For years, Pastor David Meredith was a trusted colleague in Columbus. David was - and still is - a joy-filled person who knows the expansiveness of humanity - all of its glory. Across a crowded room he is a island of hopefulness into which one could go to find solace and support and a loving presence. He is a pastor of depth whose joy - fullness of life - incorporates without restrictions or qualifications. And yet, that is not good enough - that is what we are being told by the religious leaders of the UMC temple of holiness. We must be clear that David is not the problem. In fact, only the religious systems of our culture create problems and hangs on words of death and expulsion - they make problems - they may well be the problem. And yes, they know not the fullness of the gospel - they hang onto the laws and rules and and limited vision of something labeled sacred - yet, it is not holy at all. It sacrifices others rather than willingly become self-sacrificial - as the Christ.
I do not mean to rag on the UMC. I'm Lutheran and believe me, we know how to exclude and demean and hang out holy banners in order to cover up our corporate violence and contempt for any group who is not as we like or as we have decided to define holy - even when it it an unholy reality. I know church leaders - yes, elected and then blessed - whose notion of holy was nothing more than a will to power - mostly their own. It is a power veiled in theological language but absent of the way of the cross. That - is the protective rule of the institution. It is an institution that insists that we must never embrace the victim but must always act as though we keep victims close - but never within the fold - keep them over there or out there - like thoughts and prayers.

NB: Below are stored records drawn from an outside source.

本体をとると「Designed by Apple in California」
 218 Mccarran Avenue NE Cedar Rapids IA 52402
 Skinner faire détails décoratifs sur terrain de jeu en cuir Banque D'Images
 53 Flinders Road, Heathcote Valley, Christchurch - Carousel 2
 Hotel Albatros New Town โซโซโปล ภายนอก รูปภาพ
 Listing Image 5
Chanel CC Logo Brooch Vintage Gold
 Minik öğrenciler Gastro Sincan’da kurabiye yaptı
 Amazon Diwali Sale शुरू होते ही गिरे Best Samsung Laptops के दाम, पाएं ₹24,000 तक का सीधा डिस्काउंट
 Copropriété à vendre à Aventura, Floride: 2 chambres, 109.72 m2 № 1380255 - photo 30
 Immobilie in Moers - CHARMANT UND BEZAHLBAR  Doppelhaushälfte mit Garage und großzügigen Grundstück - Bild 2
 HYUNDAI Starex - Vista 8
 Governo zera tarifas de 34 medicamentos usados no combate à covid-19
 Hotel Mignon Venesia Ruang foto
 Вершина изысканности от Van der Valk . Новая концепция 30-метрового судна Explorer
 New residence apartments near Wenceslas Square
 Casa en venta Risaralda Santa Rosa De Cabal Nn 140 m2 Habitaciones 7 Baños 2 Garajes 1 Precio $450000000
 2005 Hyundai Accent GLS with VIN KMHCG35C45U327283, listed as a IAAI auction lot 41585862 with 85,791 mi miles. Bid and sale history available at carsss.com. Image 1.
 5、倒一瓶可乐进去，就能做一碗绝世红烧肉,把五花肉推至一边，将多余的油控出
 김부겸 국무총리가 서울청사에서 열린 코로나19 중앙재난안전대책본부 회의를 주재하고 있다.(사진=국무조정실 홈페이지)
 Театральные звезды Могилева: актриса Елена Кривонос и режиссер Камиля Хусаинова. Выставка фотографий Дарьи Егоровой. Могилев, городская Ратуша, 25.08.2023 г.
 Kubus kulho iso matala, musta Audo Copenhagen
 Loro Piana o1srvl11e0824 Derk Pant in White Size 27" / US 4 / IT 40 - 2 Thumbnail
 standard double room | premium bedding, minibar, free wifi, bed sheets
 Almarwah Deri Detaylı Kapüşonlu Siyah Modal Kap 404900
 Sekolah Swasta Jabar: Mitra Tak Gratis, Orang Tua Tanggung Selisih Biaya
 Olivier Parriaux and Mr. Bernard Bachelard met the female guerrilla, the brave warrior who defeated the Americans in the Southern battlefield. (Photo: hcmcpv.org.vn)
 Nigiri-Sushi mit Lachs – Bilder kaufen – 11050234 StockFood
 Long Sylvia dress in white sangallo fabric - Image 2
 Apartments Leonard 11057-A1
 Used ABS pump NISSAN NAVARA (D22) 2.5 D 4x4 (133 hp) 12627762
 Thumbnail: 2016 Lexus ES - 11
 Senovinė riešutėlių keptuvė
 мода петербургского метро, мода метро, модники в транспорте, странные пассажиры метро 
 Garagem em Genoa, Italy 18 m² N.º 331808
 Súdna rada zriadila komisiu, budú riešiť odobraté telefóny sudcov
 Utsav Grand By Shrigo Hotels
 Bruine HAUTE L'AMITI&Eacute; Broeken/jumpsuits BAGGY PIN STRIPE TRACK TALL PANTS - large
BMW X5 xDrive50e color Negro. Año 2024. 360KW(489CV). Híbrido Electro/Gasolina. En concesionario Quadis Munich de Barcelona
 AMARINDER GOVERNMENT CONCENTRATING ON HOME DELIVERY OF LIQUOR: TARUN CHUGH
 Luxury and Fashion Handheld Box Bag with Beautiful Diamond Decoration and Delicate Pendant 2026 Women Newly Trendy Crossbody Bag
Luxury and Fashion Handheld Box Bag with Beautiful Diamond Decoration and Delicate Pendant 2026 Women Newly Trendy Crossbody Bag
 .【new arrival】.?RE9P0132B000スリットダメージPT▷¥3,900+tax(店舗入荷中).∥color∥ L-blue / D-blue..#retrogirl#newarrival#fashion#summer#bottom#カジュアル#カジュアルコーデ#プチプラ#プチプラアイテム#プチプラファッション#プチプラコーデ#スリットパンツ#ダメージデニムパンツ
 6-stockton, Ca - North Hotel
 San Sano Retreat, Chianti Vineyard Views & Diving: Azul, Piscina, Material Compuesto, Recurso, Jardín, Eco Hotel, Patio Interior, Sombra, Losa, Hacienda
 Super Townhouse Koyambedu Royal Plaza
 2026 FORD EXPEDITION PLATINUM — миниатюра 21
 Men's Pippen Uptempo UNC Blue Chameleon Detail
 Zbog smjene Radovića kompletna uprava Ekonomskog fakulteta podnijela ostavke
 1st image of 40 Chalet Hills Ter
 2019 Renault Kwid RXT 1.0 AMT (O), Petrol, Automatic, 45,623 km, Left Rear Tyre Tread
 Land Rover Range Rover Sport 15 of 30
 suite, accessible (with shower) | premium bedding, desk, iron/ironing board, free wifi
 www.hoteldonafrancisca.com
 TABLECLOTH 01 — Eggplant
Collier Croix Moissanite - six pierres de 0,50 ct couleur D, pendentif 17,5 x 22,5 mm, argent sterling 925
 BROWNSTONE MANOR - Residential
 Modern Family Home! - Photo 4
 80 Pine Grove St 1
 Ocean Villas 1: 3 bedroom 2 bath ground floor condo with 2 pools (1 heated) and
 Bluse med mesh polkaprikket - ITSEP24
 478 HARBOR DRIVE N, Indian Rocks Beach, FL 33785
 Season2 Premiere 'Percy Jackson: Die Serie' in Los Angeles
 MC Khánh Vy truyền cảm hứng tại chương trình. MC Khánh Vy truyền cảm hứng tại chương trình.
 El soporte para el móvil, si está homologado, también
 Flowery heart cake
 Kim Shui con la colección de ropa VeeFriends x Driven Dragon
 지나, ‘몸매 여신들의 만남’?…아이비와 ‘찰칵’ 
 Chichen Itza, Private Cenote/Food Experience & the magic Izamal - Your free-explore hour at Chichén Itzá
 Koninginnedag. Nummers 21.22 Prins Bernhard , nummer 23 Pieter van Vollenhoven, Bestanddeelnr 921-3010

It gives the institutions a sense of power - the power of this world - a power that seeks to overwhelm and outcast others.
But let me get back to David.
That he is on trial (a church trial - ha) is the first absurdity.
That his life is an offense to how some perceive a godly life - is another absurdity.
That a church body still needs to offer up human sacrifices in order to maintain the control they have created for themselves and long to keep in place - is an absurdity.
That his loving-kindness - his humor - his resurrection hope - his joyfulness - his willingness to enter into the life of any and all - is a threat to a church body - is an absurdity.
But then,
when control and order is a higher good than life that is alive along the way of the cross - a way that knows how to give away life and power - we can expect nothing more than an absurdity. It is - quite bluntly - an offense to the Reign of God that we are all invited to share - now.
Now it would be easy to say that David needs to judge those who judge him. But as I know him, he forgives - he dwells within graciousness - his arms are wide open even when those who claim to be the leaders of the faith live with arms folded shut - to some.
We must remember here that the church has thrived on exclusion - even when we are ones who are to live together without partiality - therefore we may not always be the ones of the Way. Our history is a way soiled by the lives of those we have rejected. Thus we must ask - are we the followers of Jesus or do we follow the violence of a world - the way of power - those who seek to be one step higher than others. We must insist on a faithfulness - not the rule books of a broken system desperately grasping onto a power they really never had.
To Pastor David Meredith I lift a glass of wine and a promise of ongoing support.